GLENDALE — No one likes talking about sewage, says Glendale Public Works Superintendent Ned Dausel.
But he can’t avoid the subject. The small town’s 36-year-old sewer plant sometimes dumps raw sewage and untreated wastewater into Cow Creek.
The problem occurs during hard rains. The rain seeps into the city’s network of leaky underground pipes and joins the wastewater flowing into the plant.
When the combination of stormwater and wastewater fills up the plant’s 18-foot deep cement pit, untreated water runs into an overflow pipe and into the creek.
Although it has been nearly 18 months since the plant was overwhelmed and polluted the creek, it has happened more than once in recent years, and the city and Oregon Department of Environmental Quality hope to prevent it from happening again.
DEQ wants to install pumps that kick on automatically to divert the overflow water through a filter to remove particles and to disinfect and dechlorinate the water before it goes into the creek.
“We would process the maximum through the plant and any leftover (water) goes to the filter. That way we have no untreated water going into the creek,” Dausel said.
DEQ senior engineer Jon Gasik said the peak-flow system would be about half as expensive as a new plant, which would cost an estimated $8.27 million.

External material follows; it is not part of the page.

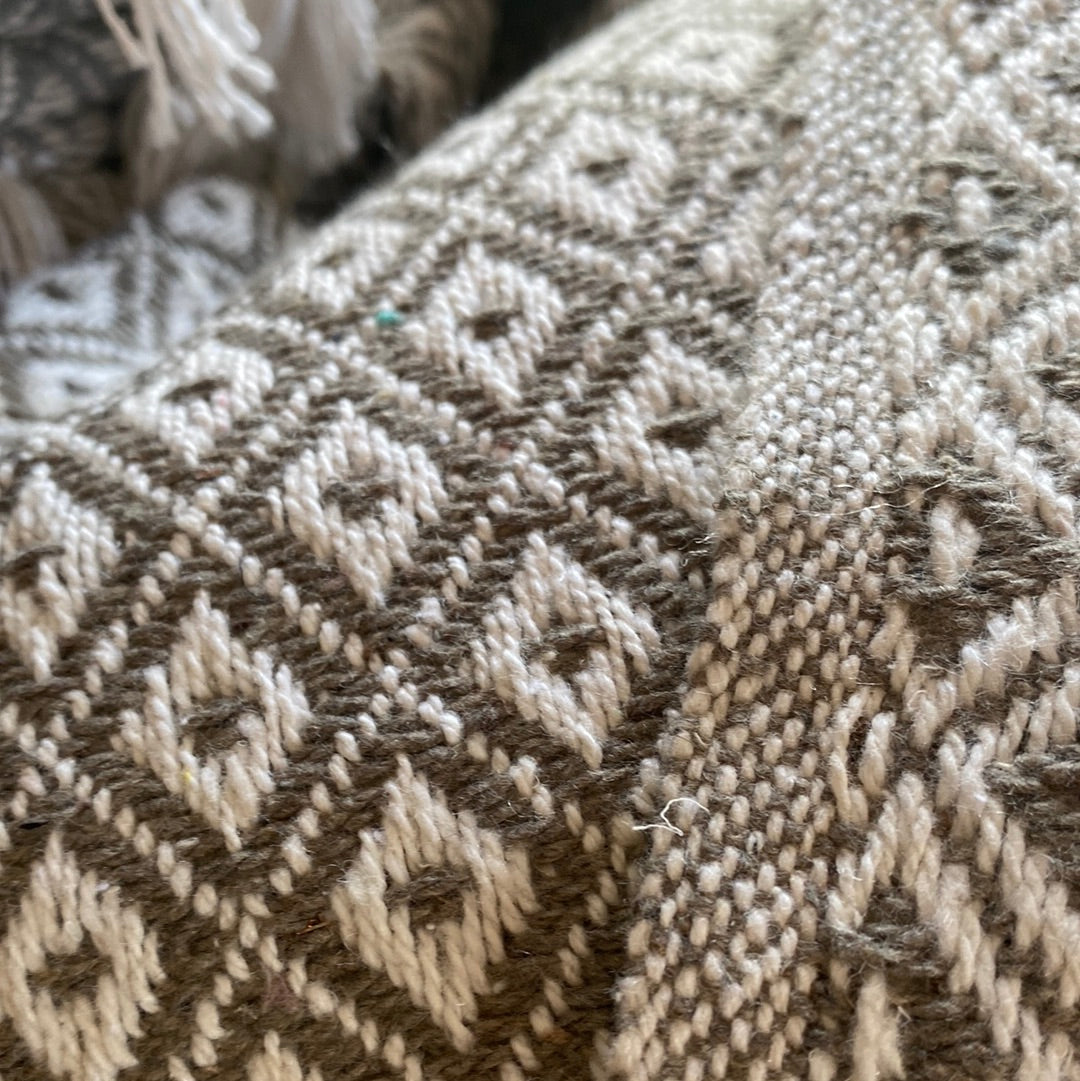 Recycled Cotton Blanket Taupe Diamond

The current plant is too small at times, but in good shape, he said. “We are looking to refurbish rather than build a new one.”
The plans are being examined by DEQ, and Glendale anticipated the project will be eligible for state funding by December. If all goes well, the project could go out for bid next spring, Dausel said.

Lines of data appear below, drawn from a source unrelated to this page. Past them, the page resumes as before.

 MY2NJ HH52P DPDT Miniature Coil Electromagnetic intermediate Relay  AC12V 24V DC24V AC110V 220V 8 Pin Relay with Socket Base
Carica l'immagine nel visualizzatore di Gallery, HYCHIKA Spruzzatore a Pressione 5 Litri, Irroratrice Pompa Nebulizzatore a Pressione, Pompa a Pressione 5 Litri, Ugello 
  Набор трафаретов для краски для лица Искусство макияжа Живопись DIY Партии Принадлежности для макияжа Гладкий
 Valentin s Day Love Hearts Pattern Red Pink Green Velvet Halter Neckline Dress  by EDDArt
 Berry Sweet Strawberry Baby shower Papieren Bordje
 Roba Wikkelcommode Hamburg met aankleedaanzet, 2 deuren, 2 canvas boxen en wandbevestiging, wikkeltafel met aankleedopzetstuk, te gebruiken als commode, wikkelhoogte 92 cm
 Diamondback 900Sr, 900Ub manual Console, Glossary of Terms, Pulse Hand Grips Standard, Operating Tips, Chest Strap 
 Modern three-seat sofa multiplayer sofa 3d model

“We got another winter to go through, but then after that, we should be smooth sailing,” he said.
Glendale will have to come up with $1.8 million of the $4.6 million needed for the peak-flow pumps and repairing pipes, he said.
Mayor Jim Standard said the city is pursuing a 25-year loan to pay its portion of the bill. The nearly 900 residents will see an increase to the $48 per month sewer change to help pay the loan. Standard did not have an estimate of what the new fee will be, but he said he doesn’t believe it will cause anger.
“Everybody realizes this is going to have to happen to do the work that we need to have done on this plant,” Standard said.
It would not be the first time Glendale has spent a considerable amount of money on the plant. Dausel said $1.2 million in repairs have been made since he was hired in 2004. Among the fixes were plugging holes in the collection system pipe.
The plant, built in 1977, was designed to treat 450,000 gallons of water per day. Gasik said Glendale’s average summer flow is 120,000 gallons a day. Although rare, that number in the winter time can climb to 4 million, he said.
Dausel said it’s the unpredictable rainfall in the winter that tends to overwhelm the system. When there is a spill of raw sewage, Glendale must notify the public, post warning signs near the creek and alert treatment plants downstream.
“When it starts raining 2 to 3 inches in a one- to two-day period, we become inundated with extra flow that we cannot process,” Dausel said. “The ground also fills up with water, and in the wintertime around here, the table rises to where you go down a foot you hit water. … When that happens, if you have holes in the collection system, the pipes leak.”
Gasik said Glendale will have to continue fixing holes in the underground collection system.
“We’re asking them to say, ‘Yes, we will have an ongoing program to fix the leaky pipes because that is an ongoing issue,’” Gasik said.
He also said Glendale is not the only community struggling with inadequate treatment plants.
“Powers (in Coos County), for instance. They are going to replace their entire collection system because of their problem,” he said. “They are even more leaky than Glendale.”